• _DATA FOR ANALYSIS_:
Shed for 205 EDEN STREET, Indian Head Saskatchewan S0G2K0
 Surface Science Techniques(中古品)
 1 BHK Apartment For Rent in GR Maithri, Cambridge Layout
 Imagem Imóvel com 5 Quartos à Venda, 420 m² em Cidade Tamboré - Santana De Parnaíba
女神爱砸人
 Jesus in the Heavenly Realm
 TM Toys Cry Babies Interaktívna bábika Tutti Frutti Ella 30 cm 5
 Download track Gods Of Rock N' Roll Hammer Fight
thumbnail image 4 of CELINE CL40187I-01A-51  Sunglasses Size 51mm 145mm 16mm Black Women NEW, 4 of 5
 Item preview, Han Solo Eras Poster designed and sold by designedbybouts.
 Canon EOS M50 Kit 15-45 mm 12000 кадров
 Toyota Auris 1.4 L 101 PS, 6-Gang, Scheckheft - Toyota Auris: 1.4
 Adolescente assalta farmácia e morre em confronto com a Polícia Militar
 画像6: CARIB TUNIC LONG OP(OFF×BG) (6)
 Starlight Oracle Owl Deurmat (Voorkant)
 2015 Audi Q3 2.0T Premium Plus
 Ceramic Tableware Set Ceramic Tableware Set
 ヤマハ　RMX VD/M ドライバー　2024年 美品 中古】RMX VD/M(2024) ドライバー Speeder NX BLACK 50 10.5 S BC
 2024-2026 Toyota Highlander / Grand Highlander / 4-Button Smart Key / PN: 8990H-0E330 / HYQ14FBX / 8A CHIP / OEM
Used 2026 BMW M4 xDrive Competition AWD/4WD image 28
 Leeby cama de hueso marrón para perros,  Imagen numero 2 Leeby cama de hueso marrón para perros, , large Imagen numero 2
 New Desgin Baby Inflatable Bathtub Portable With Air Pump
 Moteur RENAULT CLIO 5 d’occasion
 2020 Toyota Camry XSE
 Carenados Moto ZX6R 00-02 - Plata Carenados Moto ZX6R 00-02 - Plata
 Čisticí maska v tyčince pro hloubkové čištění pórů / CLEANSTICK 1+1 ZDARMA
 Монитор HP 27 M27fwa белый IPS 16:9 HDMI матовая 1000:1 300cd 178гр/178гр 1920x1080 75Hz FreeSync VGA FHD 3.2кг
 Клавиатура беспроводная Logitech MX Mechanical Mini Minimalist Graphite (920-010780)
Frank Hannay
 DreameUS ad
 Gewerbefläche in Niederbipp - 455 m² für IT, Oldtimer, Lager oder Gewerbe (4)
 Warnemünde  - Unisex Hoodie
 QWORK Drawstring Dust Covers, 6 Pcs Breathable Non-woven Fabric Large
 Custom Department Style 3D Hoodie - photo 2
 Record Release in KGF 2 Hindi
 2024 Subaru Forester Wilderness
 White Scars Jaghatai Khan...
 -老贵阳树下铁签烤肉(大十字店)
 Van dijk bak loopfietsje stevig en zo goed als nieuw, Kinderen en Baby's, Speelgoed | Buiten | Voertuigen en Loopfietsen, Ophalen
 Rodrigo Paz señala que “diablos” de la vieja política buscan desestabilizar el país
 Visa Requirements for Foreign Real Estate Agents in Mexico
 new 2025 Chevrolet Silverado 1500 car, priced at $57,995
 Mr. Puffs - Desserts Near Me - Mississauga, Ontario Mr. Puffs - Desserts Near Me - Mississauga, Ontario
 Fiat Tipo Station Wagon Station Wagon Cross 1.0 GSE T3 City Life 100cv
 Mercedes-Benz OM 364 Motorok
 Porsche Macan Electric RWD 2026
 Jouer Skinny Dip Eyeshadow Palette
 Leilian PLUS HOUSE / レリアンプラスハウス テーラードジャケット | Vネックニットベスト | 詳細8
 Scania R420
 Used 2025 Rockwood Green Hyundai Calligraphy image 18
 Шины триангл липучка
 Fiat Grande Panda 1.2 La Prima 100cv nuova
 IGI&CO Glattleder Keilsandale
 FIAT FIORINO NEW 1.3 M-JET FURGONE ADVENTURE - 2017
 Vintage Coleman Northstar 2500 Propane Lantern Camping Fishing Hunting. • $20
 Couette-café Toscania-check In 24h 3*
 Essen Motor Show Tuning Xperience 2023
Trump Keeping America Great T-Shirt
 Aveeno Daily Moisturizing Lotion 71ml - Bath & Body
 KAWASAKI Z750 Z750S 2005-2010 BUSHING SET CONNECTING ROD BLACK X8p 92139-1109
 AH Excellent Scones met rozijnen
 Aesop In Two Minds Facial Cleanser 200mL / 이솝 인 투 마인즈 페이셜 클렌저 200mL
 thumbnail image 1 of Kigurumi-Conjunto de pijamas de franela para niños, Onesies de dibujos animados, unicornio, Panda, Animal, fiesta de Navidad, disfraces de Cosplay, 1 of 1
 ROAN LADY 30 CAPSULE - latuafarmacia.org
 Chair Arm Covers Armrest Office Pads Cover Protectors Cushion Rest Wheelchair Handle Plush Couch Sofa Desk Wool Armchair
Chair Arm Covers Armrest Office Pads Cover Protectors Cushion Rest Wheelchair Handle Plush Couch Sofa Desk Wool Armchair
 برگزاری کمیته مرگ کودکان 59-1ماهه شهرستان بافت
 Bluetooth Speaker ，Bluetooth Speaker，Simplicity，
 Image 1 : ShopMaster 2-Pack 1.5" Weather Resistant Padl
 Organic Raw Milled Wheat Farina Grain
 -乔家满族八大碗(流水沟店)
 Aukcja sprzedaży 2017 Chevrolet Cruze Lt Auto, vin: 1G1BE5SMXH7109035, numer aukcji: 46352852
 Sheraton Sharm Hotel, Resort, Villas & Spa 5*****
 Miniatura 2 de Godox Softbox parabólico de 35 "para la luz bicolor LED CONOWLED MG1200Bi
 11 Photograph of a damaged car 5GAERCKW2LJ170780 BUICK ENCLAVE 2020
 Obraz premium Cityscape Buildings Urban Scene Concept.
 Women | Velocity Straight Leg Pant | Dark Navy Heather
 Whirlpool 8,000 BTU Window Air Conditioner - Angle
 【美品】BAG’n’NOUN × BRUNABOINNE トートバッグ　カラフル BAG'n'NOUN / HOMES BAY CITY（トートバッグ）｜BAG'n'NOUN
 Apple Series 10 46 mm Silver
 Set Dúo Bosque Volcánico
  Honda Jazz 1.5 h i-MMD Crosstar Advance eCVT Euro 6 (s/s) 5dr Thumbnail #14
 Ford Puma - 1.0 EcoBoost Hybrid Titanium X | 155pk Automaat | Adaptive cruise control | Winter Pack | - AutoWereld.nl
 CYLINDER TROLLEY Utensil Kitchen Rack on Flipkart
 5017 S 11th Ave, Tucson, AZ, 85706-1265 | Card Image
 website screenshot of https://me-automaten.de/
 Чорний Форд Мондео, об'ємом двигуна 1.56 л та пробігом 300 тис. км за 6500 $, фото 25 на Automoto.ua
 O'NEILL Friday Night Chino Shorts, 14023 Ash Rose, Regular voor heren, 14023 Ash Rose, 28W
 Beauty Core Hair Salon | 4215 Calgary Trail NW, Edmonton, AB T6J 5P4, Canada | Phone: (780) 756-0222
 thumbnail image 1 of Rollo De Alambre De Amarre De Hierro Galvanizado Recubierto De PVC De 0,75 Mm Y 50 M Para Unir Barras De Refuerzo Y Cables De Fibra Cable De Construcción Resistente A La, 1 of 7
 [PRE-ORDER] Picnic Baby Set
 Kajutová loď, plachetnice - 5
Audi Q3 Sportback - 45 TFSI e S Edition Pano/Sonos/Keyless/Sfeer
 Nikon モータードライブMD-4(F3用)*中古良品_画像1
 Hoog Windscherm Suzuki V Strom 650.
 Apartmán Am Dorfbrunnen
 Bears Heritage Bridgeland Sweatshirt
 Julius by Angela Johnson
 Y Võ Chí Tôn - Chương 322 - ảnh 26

• _ACTIVITY_: An exact transcription of the lines from the start of the listing through the line bearing "Čisticí maska v" is the whole answer.

• _RESULT FOR THIS EXERCISE_:
Shed for 205 EDEN STREET, Indian Head Saskatchewan S0G2K0
 Surface Science Techniques(中古品)
 1 BHK Apartment For Rent in GR Maithri, Cambridge Layout
 Imagem Imóvel com 5 Quartos à Venda, 420 m² em Cidade Tamboré - Santana De Parnaíba
女神爱砸人
 Jesus in the Heavenly Realm
 TM Toys Cry Babies Interaktívna bábika Tutti Frutti Ella 30 cm 5
 Download track Gods Of Rock N' Roll Hammer Fight
thumbnail image 4 of CELINE CL40187I-01A-51  Sunglasses Size 51mm 145mm 16mm Black Women NEW, 4 of 5
 Item preview, Han Solo Eras Poster designed and sold by designedbybouts.
 Canon EOS M50 Kit 15-45 mm 12000 кадров
 Toyota Auris 1.4 L 101 PS, 6-Gang, Scheckheft - Toyota Auris: 1.4
 Adolescente assalta farmácia e morre em confronto com a Polícia Militar
 画像6: CARIB TUNIC LONG OP(OFF×BG) (6)
 Starlight Oracle Owl Deurmat (Voorkant)
 2015 Audi Q3 2.0T Premium Plus
 Ceramic Tableware Set Ceramic Tableware Set
 ヤマハ　RMX VD/M ドライバー　2024年 美品 中古】RMX VD/M(2024) ドライバー Speeder NX BLACK 50 10.5 S BC
 2024-2026 Toyota Highlander / Grand Highlander / 4-Button Smart Key / PN: 8990H-0E330 / HYQ14FBX / 8A CHIP / OEM
Used 2026 BMW M4 xDrive Competition AWD/4WD image 28
 Leeby cama de hueso marrón para perros,  Imagen numero 2 Leeby cama de hueso marrón para perros, , large Imagen numero 2
 New Desgin Baby Inflatable Bathtub Portable With Air Pump
 Moteur RENAULT CLIO 5 d’occasion
 2020 Toyota Camry XSE
 Carenados Moto ZX6R 00-02 - Plata Carenados Moto ZX6R 00-02 - Plata
 Čisticí maska v tyčince pro hloubkové čištění pórů / CLEANSTICK 1+1 ZDARMA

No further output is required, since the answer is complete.